In order to highlight any possible limitations that Ohio Adm.Code 4123-18-14 may have on R.C. 4121.68, we juxtapose the Ohio Administrative Code here:
“(A) Claims for injury, occupational disease, or death incurred in the course of and arising out of participating in a rehabilitation division prescribed rehabilitation service may be filed for compensation and benefits as if the claimant's employer were the bureau of workers' compensation.”
Appellant contends that the language of Ohio Adm.Code 4123-18-14 “prescribed rehabilitation service” unlawfully narrows the application of the words “in the course of and arising out of participation in a rehabilitation program” contained in R.C. 4121.68. Of course, this contention presumes a broad interpretation of the words “prescribed rehabilitation service.” Appellant would have this court interpret those words to mean that any injury occurring to an individual while under prescription for rehabilitation treatment would entitle that individual to workers' compensation benefits. The potential application of that interpretation would prove to be preposterous. For example, an individual who is walking into a rehabilitation facility for treatment could slip and fall, an individual who has decided to stay and chat with a few friends after treatment could slip and fall, or an individual driving to his prescribed treatment could get into an accident-the scenarios are endless. Where do we draw the line? Merely because a facility provides free room and board to an individual participating in a rehabilitation program does not mean that the facility becomes a guarantor of the participant's total safety. The statute and the Ohio Administrative Code are harmonious and do reconcile with each other, State ex rel. Cuyahoga Cty. Hosp.; the participant's safety will be guaranteed only while the individual is actually participating in a rehabilitation program.

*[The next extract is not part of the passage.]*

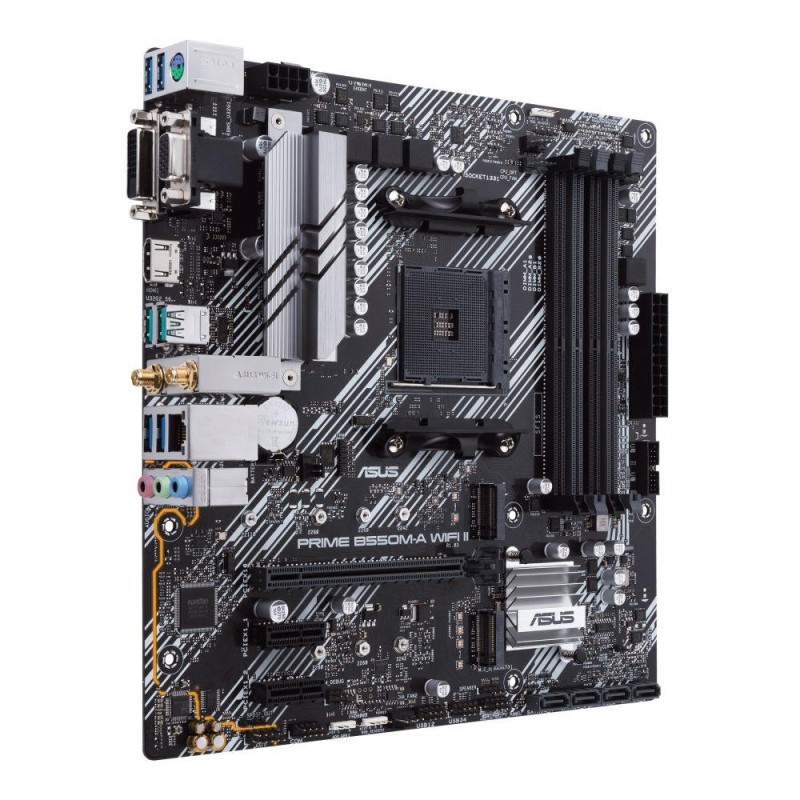 Płyta Asus PRIME B550M-A WIFI II /AMD | PartsPC.pl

We hold that the trial court's interpretation of both the Ohio Revised Code and the Ohio Administrative Code is reasonable and in tune with the drafters' intent. Giving “effect to the words explicitly used” in the statute, we find that there was no intent for the scope of either R.C. 4121.68 or Ohio Adm.Code 4123-18-14 to render the meaning appellant suggests. Wemer.
Accordingly, we hereby overrule appellant's assignments of error and affirm the judgment of the Franklin County Court of Common Pleas.
PEGGY L. BRYANT and PETREE, JJ., concur.